### Description of the task
Give the entries again exactly; drop the pictures.

Input material Start Marker

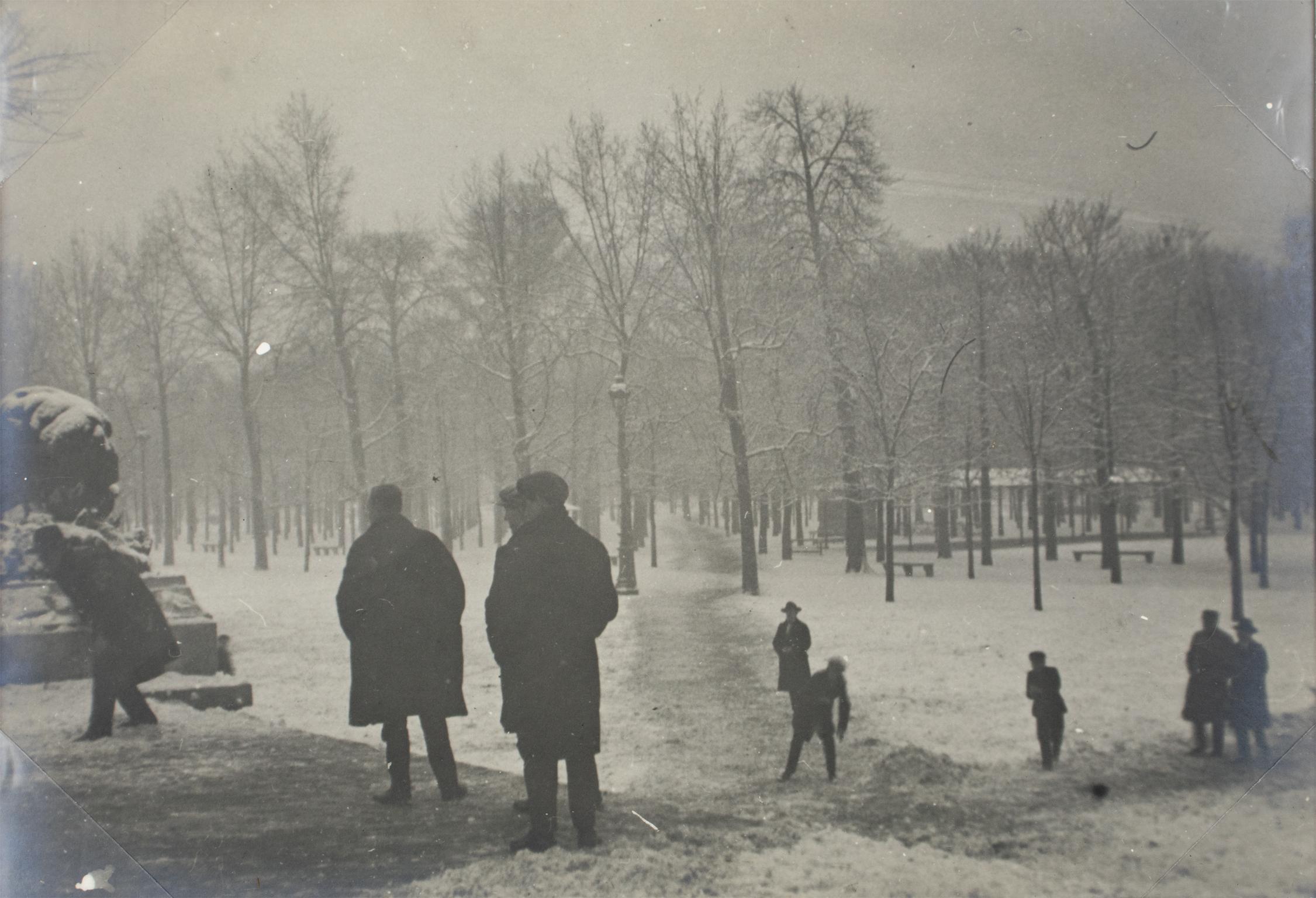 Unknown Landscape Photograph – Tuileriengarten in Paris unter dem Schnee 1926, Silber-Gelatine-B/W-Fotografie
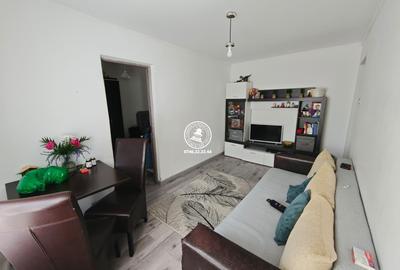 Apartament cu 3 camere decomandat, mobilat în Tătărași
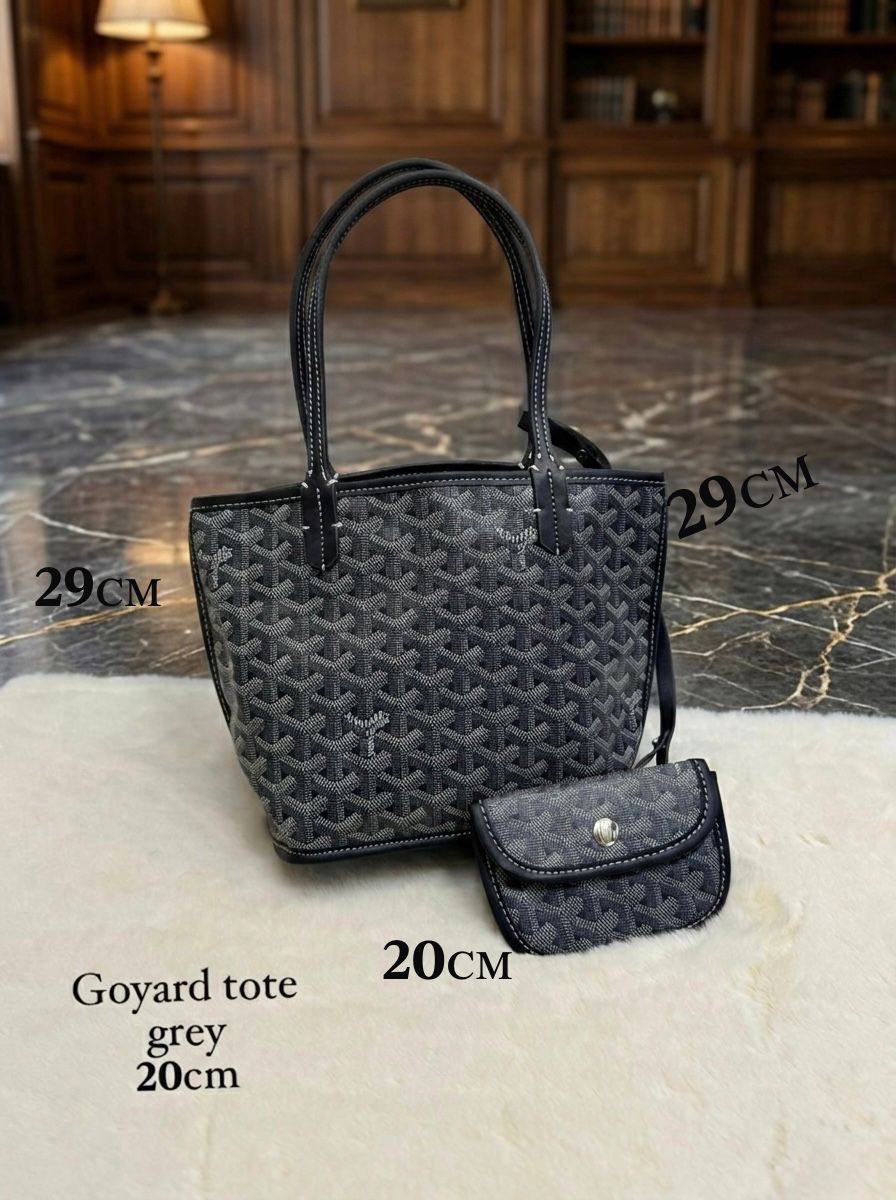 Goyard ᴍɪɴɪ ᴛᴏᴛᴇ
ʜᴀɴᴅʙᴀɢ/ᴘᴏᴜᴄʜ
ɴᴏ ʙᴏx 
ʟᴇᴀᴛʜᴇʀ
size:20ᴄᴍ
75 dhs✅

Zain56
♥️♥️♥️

Input material End Marker

### Result for this task
 Unknown Landscape Photograph – Tuileriengarten in Paris unter dem Schnee 1926, Silber-Gelatine-B/W-Fotografie
 Apartament cu 3 camere decomandat, mobilat în Tătărași
 Goyard ᴍɪɴɪ ᴛᴏᴛᴇ
ʜᴀɴᴅʙᴀɢ/ᴘᴏᴜᴄʜ
ɴᴏ ʙᴏx 
ʟᴇᴀᴛʜᴇʀ
size:20ᴄᴍ
75 dhs✅

Zain56
♥️♥️♥️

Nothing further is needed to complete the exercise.